Li Yining, one of China's leading economists, said on Friday that China is facing a pressing challenge of preventing inflation turning into stagflation.
He said stagflation, the co-existence of high unemployment and high inflation, might occur if improper measures were taken to fight inflation so as to disrupt market expectations, or the economy failed to survive the global slowdown.
Improper anti-inflation measures may lead to investors shying away, widespread unemployment worries or hard times for small and medium-sized companies, resulting in frustrated consumption, Li told the Second Meeting of the Standing Committee of the 11th National Committee of the Chinese People's Political Conference (CPPCC), the country's political advisory body.
The global slowdown, on the other hand, would affect the domestic production and consumption or employment by cutting exports, and it could also lead to outflows of capital, said Li, a member of the Standing Committee.
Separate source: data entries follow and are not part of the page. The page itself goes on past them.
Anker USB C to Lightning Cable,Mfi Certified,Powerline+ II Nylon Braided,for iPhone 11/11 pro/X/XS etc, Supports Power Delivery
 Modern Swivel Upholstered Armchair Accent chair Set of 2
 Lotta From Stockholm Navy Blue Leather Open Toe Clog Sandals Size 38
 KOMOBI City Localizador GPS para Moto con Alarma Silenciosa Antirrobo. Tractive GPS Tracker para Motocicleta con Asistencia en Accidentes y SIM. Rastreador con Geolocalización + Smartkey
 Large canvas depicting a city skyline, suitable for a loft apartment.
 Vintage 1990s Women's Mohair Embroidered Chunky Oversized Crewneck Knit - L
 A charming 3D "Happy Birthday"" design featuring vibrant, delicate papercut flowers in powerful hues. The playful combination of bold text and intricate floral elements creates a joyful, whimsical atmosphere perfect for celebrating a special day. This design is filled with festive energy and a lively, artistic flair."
The economist said China should continue to take a firm grip on the country's foreign exchange flows, and be alert to problems that might occur in the context of a global slowdown given the huge forex reserves.
He said the government should not over-reach itself in fighting inflation or be misled by the concept that only a low inflation rate would be a complete success in the anti-inflation campaign.
"The inflation rate, if controlled at about 60 percent of the growth rate, would be appropriate, such as keeping the rate at around six percent for a 10-percent growth in economy," he said.
The country's inflation rate hit an 11-year high of 8.7 percent in February, and eased to 7.7 percent in May, still above the government-set goal of three percent for the whole year.
He said the national economy was running on a good course, according to economic data, despite new challenges from home and abroad including the may 12 earthquake.
However, the government needed to take the risks of stagflation into consideration when tuning the macro control policies in the next half, he added.